When you copy the material below, keep every line exact and drop the pictures.

----- RAW DATA

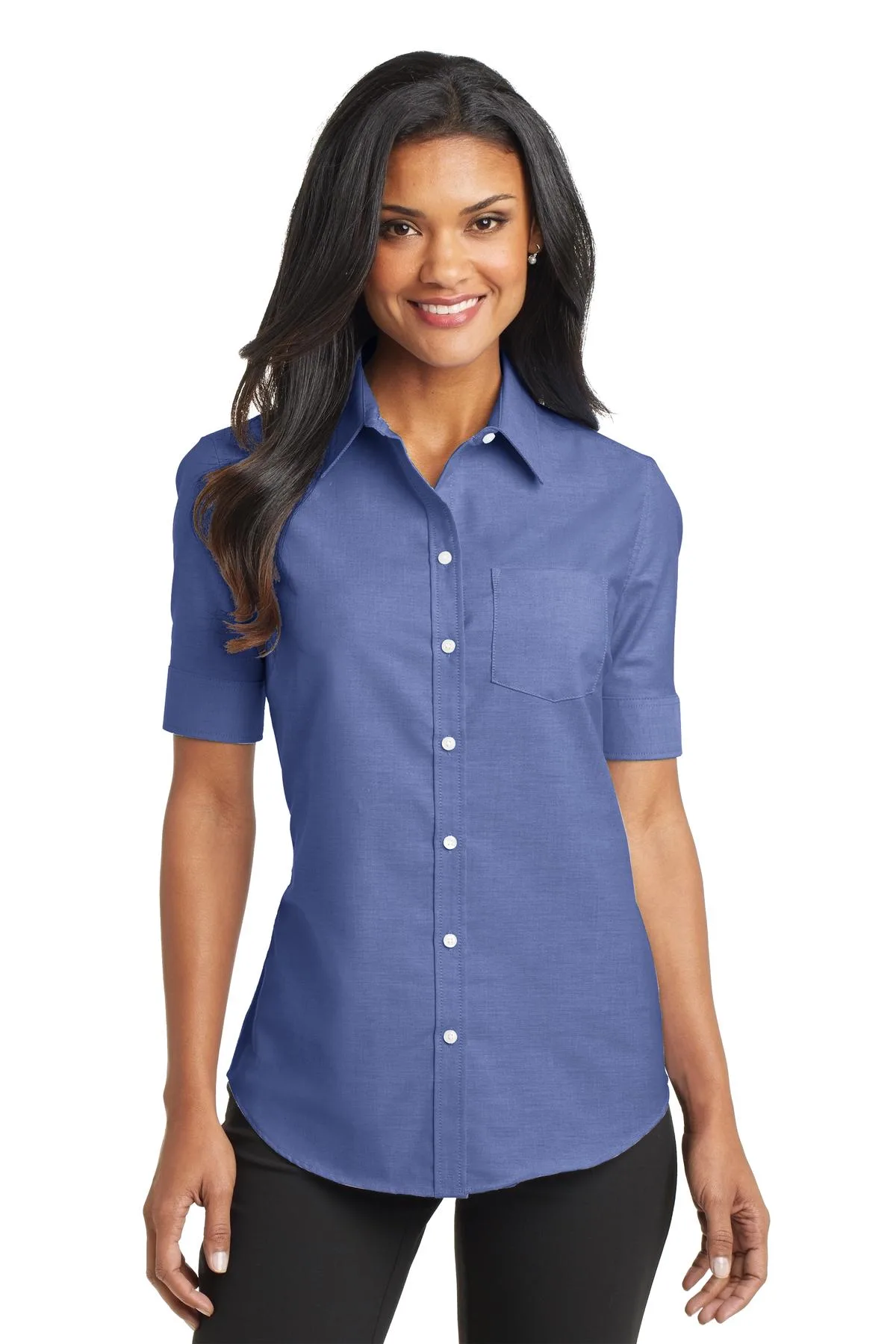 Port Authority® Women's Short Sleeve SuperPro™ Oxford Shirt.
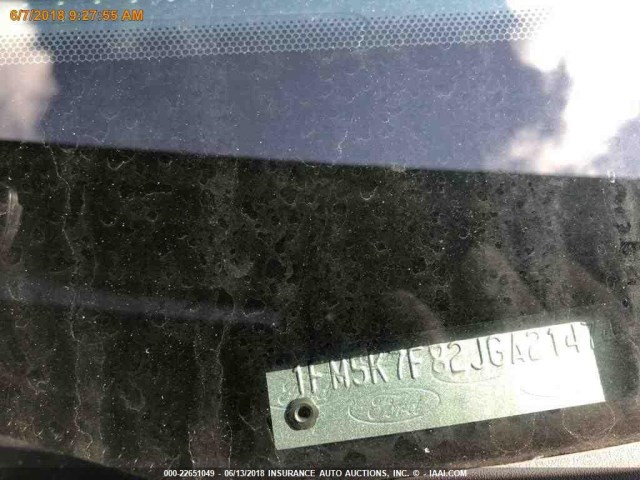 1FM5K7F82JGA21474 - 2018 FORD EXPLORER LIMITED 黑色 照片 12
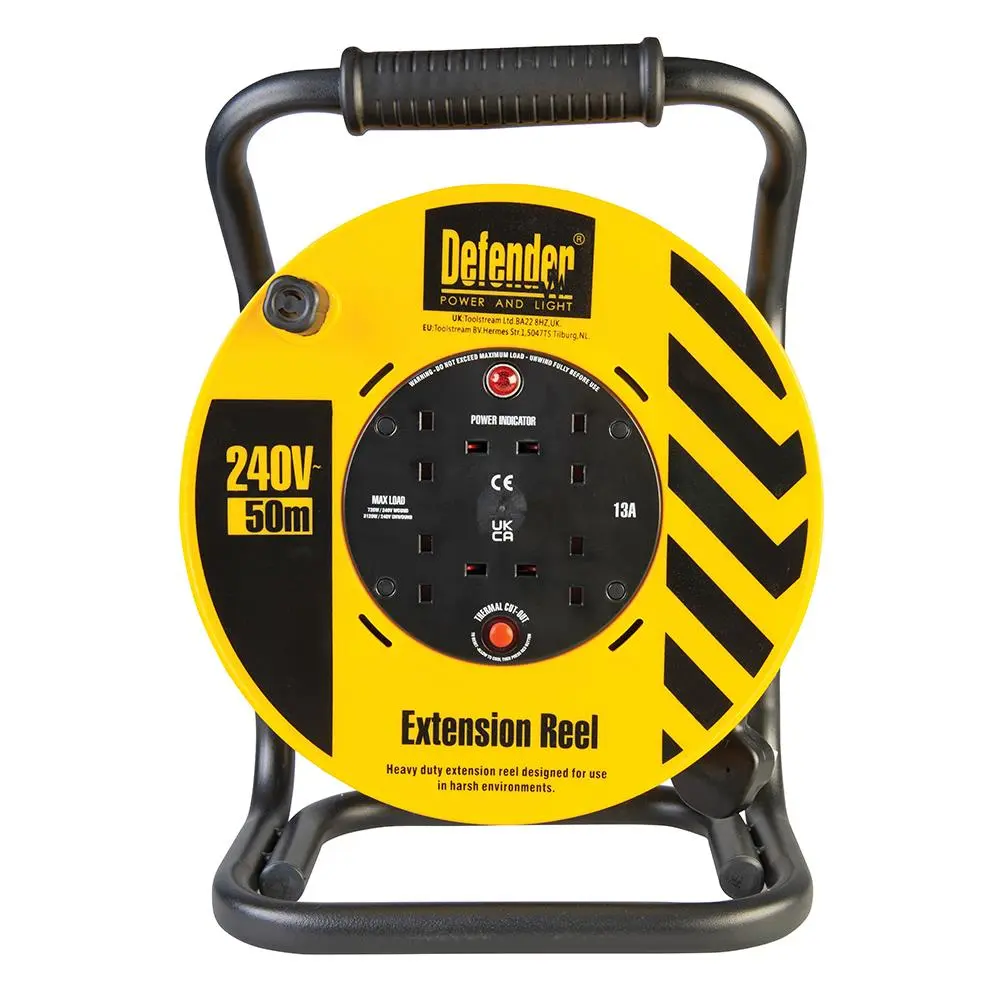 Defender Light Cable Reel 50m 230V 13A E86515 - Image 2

----------

TASK OUTPUT:
 Port Authority® Women's Short Sleeve SuperPro™ Oxford Shirt.
 1FM5K7F82JGA21474 - 2018 FORD EXPLORER LIMITED 黑色 照片 12
 Defender Light Cable Reel 50m 230V 13A E86515 - Image 2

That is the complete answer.